Chapter 1, Docker Networking Primer, explains the essential components of Docker networking, which have evolved from coupling simple Docker abstractions and powerful network components, such as Linux bridges, Open vSwitch, and so on. This chapter also explains how Docker containers can be created with various modes. In the default mode, port mapping helps us through the use of iptables NAT rules, allowing traffic arriving at the host to reach containers. Later in this chapter, basic linking of the container is covered and the next generation of Docker networking, which is libnetwork, is also discussed.

Chapter 2, Docker Networking Internals, discusses Docker's internal networking architecture. We will learn about IPv4, IPv6, and DNS configurations in Docker. Later in this chapter, Docker bridge and communication between containers in single host and multihost is covered. This chapter also explains overlay tunneling and different methods that are implemented on Docker networking, such as OVS, Flannel, and Weave.

Chapter 3, Building Your First Docker Network, shows how Docker containers communicate from multiple hosts using different networking options, such as Weave, OVS, and Flannel. Pipework uses legacy Linux bridge, Weave creates a virtual network, OVS uses GRE tunneling technology, and Flannel provides a separate subnet to each host to connect containers on multiple hosts. Some of the implementations, such as Pipework, are legacy and will become obsolete over a period of time, while others are designed to be used in the context of specific OSes, such as Flannel with CoreOS. Basic comparisons of Docker networking options are also covered in this chapter.

Chapter 4, Networking in a Docker Cluster, explains Docker networking in depth using various frameworks, such as native Docker Swarm, where using the libnetwork or the out-of the-box overlay network, Swarm, provides the multihost networking features. Kubernetes, on the other hand, has a different perspective from Docker, where each pod will get a unique IP address and communication between pods can occur with the help of services. Using Open vSwitch or IP-forwarding advanced routing rules, the Kubernetes networking can be enhanced to provide connectivity between pods on different subnets across hosts and expose the pods to the external world. In the case of Mesosphere, we can see that Marathon is used as a backend for the networking of the deployed containers. In the case of DCOS of the Mesosphere, the entire deployed stack of machines is treated as one machine to provide a rich-networking experience between deployed container services.
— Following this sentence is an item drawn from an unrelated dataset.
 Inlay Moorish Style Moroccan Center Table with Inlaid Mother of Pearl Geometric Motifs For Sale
Chapter 5, Security and QoS for Docker Containers, takes a dive into Docker security by referring to kernel and cgroups namespaces. We will also visit some of the aspects of filesystems and various Linux capabilities, which containers leverage in order to provide more features, such as the privileged container but at the cost of exposing itself more on the threat side. We will also see how containers can be deployed in a secured environment in AWS ECS using proxy containers to restrict the vulnerable traffic. We will also talk about how AppArmor is also provided with a rich set of Mandatory Access Control (MAC) system, which provides kernel-enhancement features in order to confine applications to a limited set of resources. Leveraging their benefits to Docker containers helps us deploy them in a secured environment. In the last section, we take a quick dive into Docker security benchmarks and some of the important recommendations that can be followed during auditing and Docker deployment in a production environment.
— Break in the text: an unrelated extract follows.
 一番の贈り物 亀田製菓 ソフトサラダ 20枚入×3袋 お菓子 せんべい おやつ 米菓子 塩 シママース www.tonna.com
Chapter 6, Next Generation Networking Stack for Docker: libnetwork, will look into some of the deeper and conceptual aspects of Docker networking. One of these is libnetworking—the future of the Docker network model, which is already getting into shape with the release of Docker 1.9. While explaining the libnetworking concept, we will also study the CNM model, its various objects and components, along with its implementation code snippets. Next, we will look into drivers of CNM, the prime one being the overlay driver, in detail with deployment as part of Vagrant setup. We will look at standalone integrations of containers with overlay network with Docker Swarm and Docker Machine as well. In the next section, we explain the CNI interface, its executable plugins, and give a tutorial to configure Docker networking with the CNI plugin. In the last section, Project Calico is explained in detail, which provides scalable networking solutions that are based out of libnetwork and provides integration with Docker, Kubernetes, Mesos, bare-metal, and VMs, primarily.